In “Another serious threat to American democracy,” the authors explain in painful detail just how serious all Americans should take a case brought by North Carolina Republican legislators (Moore v. Harper) that the U.S. Supreme Court has placed on its docket for this fall.
As you’re probably aware by now, in Moore, the lawmakers espouse the remarkable and frightening argument that state courts have essentially no authority to sit in judgment of the actions of state legislatures when it comes to federal elections.
This is from the editorial:
…a favorable decision would have far-reaching implications.
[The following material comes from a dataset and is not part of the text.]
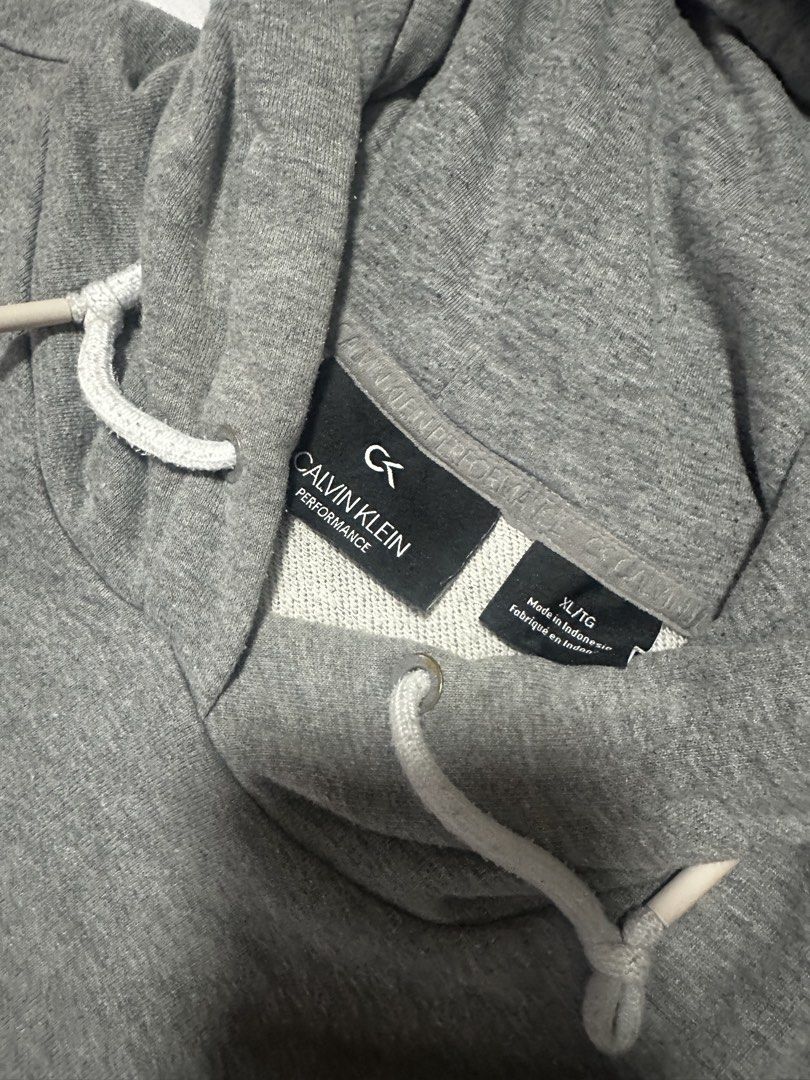 Calvin Klein Performance Grey Hoodie (Category: Hoodies) located in Baybay. Submitted by comicowl (Listing ID 1461720736, Image 2). Description: - Grey Calvin Klein Performance hoodie - Features iconic Calvin Klein logo on the front - Size XL/TG - Made in Indonesia - Comfortable and casual design - Perfect for everyday wear.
“The theory would disable state courts from protecting voting rights in federal elections by eliminating state constitutional protections in those elections,” legal experts Leah Litman, Kate Shaw and Carolyn Shapiro wrote in The Washington Post earlier this month.
Former federal Judge J. Michael Luttig, a preeminent conservative jurist, has warned that those who promote this debunked theory would also seek to apply it to presidential elections.
In practical terms, that means that state legislators could not only gerrymander to their twisted hearts’ content, but in 2024, they could assign their Electoral College votes to whomever they please — even if their decision differs from that of the majority of voters in their states.
The editorial goes on to advance multiple ideas for responding to this brazen power grab — from ending the filibuster and passing federal legislation like the John Lewis Voting Rights Act to simply voting the state’s GOP legislative majority out of power — solutions it concedes are “unlikely.”
It concludes this way:
But in this era in which so many of our traditional institutions have been denigrated, if we don’t find a way to turn from this trajectory, we’ll instead find ourselves being ruled by partisans who won’t hesitate to take more and more power from the people and impose their own will — no matter the consequences.
That’s not a democracy. And no, it’s not a republic, either. If the state legislature wins this case, all 50 state legislatures will be allowed to override their states’ constitutions, governors, courts — and any principle of fairness to voters. Our freedom to govern ourselves is on the line. This could not be more serious.